#### [WORK INSTRUCTIONS]
Skip any pictures. Repeat the data exactly, from its first line through the line that holds "Hi, I'm Ben", both included.
··· PROVIDED DATA ···
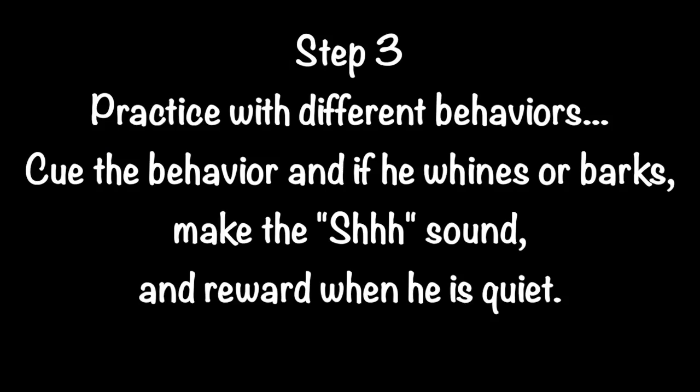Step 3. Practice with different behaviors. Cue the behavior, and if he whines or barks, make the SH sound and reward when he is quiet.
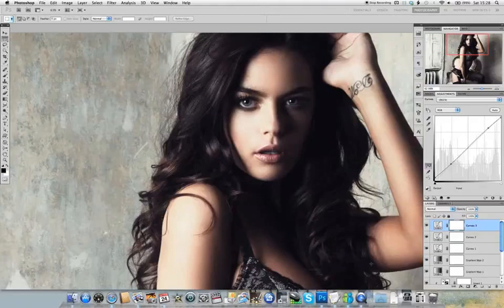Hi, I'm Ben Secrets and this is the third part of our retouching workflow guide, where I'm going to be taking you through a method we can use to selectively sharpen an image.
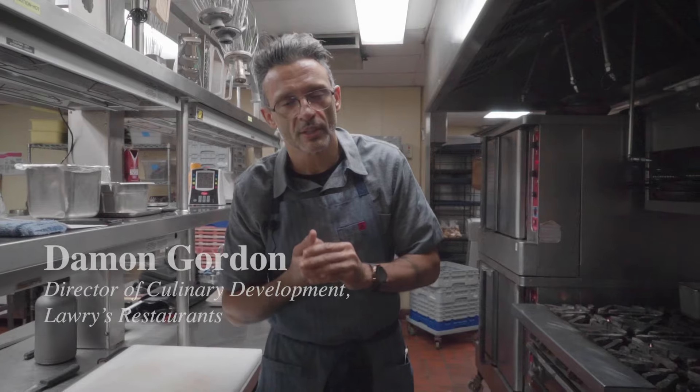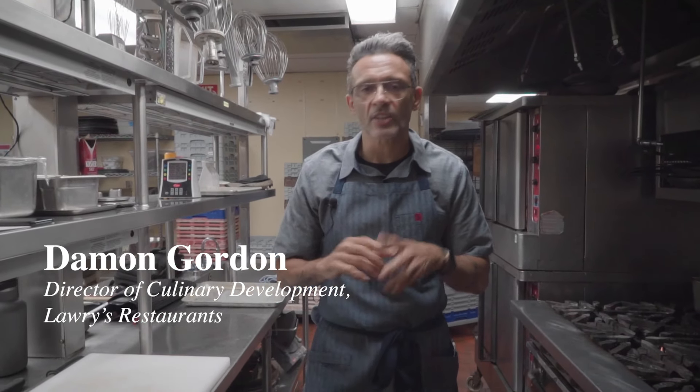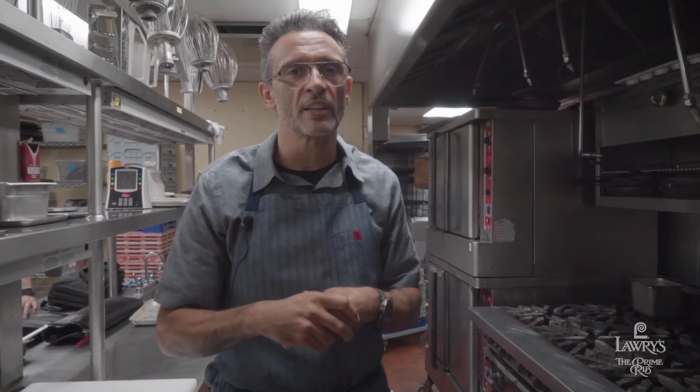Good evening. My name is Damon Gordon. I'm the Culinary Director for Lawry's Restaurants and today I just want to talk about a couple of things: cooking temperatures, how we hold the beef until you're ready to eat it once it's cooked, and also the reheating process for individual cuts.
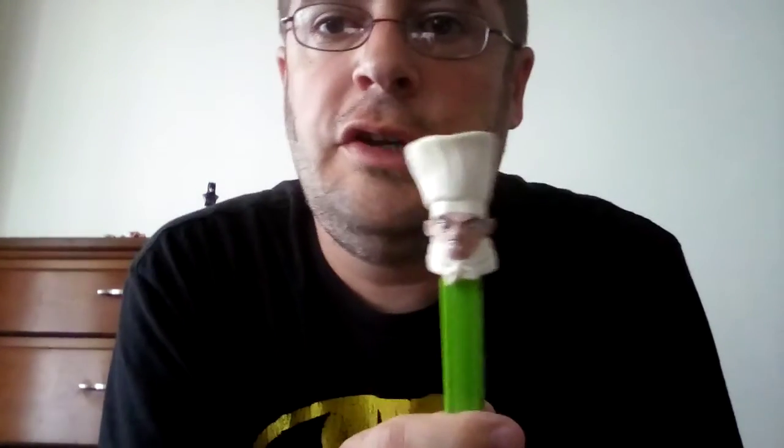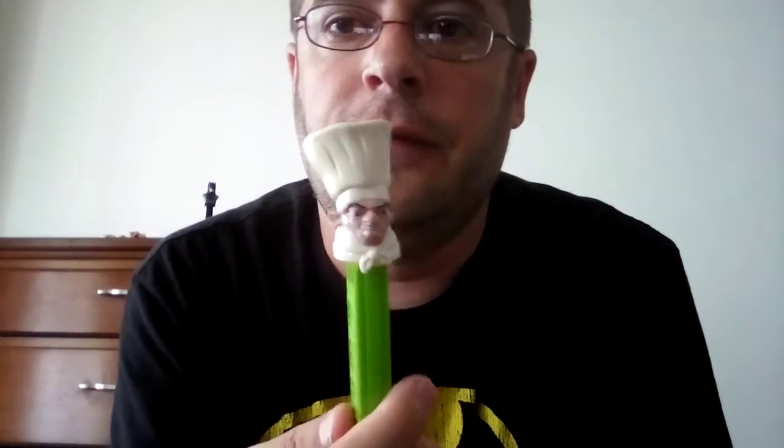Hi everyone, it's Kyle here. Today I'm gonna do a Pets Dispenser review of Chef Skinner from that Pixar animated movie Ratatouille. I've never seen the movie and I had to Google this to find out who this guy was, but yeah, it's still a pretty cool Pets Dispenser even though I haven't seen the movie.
···
#### [TASK OUTPUT]
Step 3. Practice with different behaviors. Cue the behavior, and if he whines or barks, make the SH sound and reward when he is quiet.
Hi, I'm Ben Secrets and this is the third part of our retouching workflow guide, where I'm going to be taking you through a method we can use to selectively sharpen an image.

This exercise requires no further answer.